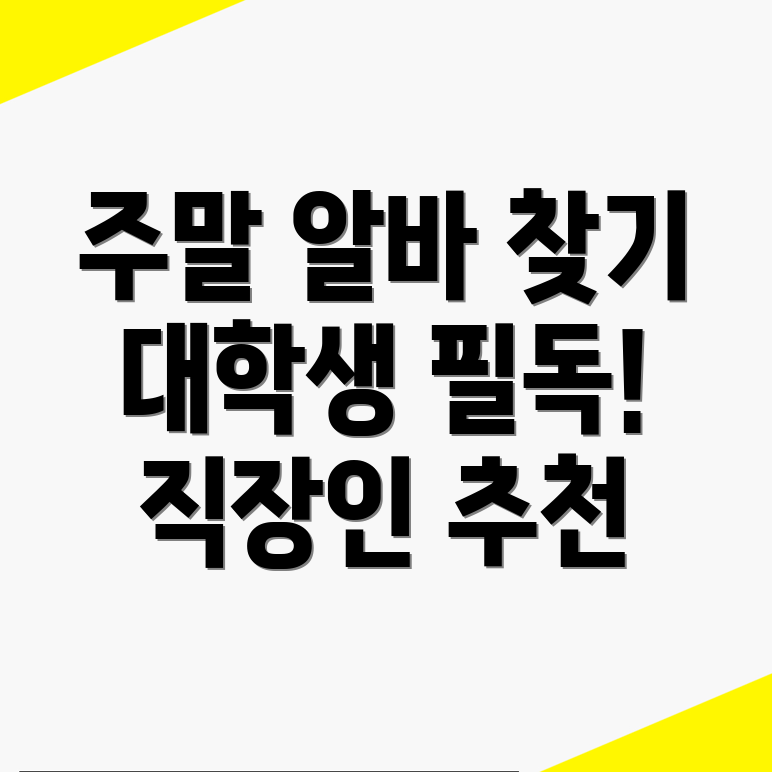 단기 알바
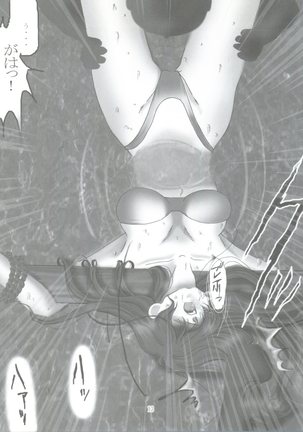 Kimagure Datenshi Page #15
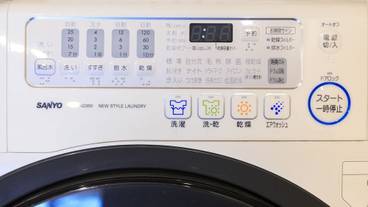 ランドリー ルーム / 2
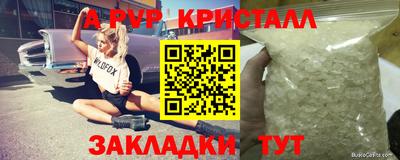 скорость Малгобек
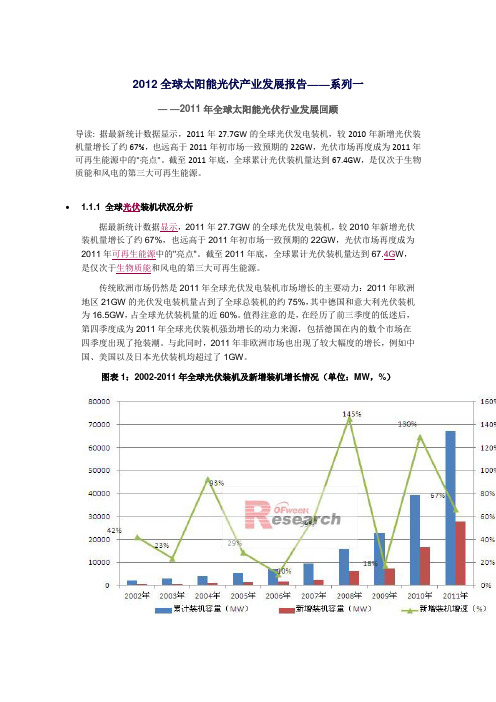 2012全球太阳能光伏产业发展报告系列一——2011年全球太阳能光伏行业发展回顾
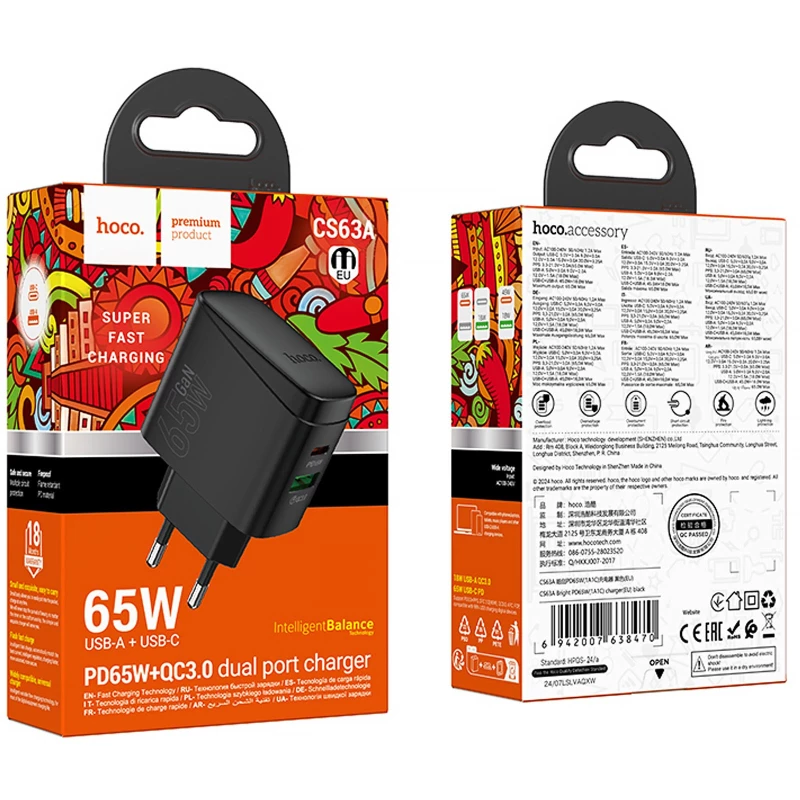 СЗУ Hoco CS63A Bright PD65W (1USB-A/1C) – Black. Фото 6 из 6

→ **DIRECTIONS FOR THIS TASK**
Repeat everything in the records above exactly, except the pictures.

→ **WORKED SOLUTION**
 단기 알바
 Kimagure Datenshi Page #15
 ランドリー ルーム / 2
 скорость Малгобек
 2012全球太阳能光伏产业发展报告系列一——2011年全球太阳能光伏行业发展回顾
 СЗУ Hoco CS63A Bright PD65W (1USB-A/1C) – Black. Фото 6 из 6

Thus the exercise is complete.